DIFFERENT EFFECTS OF ENDOTHELIN-3 ON THE CA2+ DISCHARGE INDUCED BY AGONISTS AND CA2+-ATPASE INHIBITORS IN HUMAN PLATELETS

1 The present study demonstrates that endothelin-3 (ET-3), previously shown to attenuate thrombin-evoked aggregation of human platelets, delayed the dose-dependent aggregatory response to thapsigargin (Tg). As this Ca2+-ATPase inhibitor induces platelet activation in part through the depletion of internal Ca2+-stores, we examined the influence of ET-3 on Ca2+ discharge from internal pools. 2 Cytosolic Ca2+ concentration was evaluated with Fura-2 in the absence of Ca2+ influx. Platelet preincubation for 15 min with 5 x 10(-7) M ET-3 decreased the Ca2+ release evoked by thrombin and U46619, a thromboxane-mimetic, However, ET-3 did not affect Ca2+ movements induced by 1 mu M ADP. Addition of Tg (0.5 to 5 mu M) to resting platelets induced a cytosolic [Ca2+] rise with concentration-dependent increase of the initial rate and decrease of the time to reach the peak.
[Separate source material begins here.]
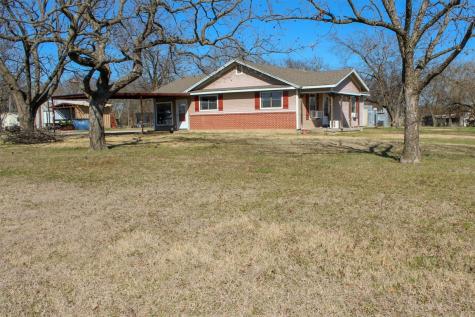 2711 Fm 36 N Farmersville TX 75442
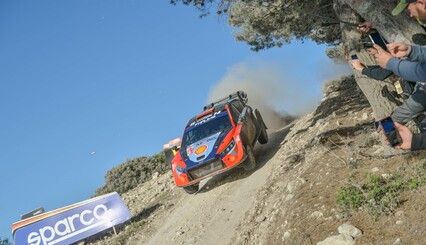 Dani Sordo arranca tercero y se asegura una buena posición de salida para el sábado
ET-3 slowed down these dose-dependent effects with a more marked influence on the responses induced by low concentrations of Tg. 3 ET-3 did not modify the Ca2+ response to another Ca2+-ATPase inhibitor, 2,5-di-(tert-butyl)-1,4-benzohydroquinone(tBuBHQ). The thromboxane A(2) receptor antagonist, SQ 29548, reduced by 53% the calcium signal evoked by 1 mu M Tg, which became similar to that induced by 15 mu M tBuBHQ. Under these conditions, the ET-3 effects were suppressed. A subsequent addition of thrombin induced a substantial further Ca2+ increase which was again sensitive to ET-3. 4 ET-3 attenuates Ca2+ mobilization from an internal pool dependent on the stimulation of thrombin and thromboxane A(2) receptors and insensitive to the direct effect of Ca2+-ATPase inhibitors. The small but significant inhibitory effect of ET-3 leads us to propose that endothelin-3 acts as a modulator of platelet activation.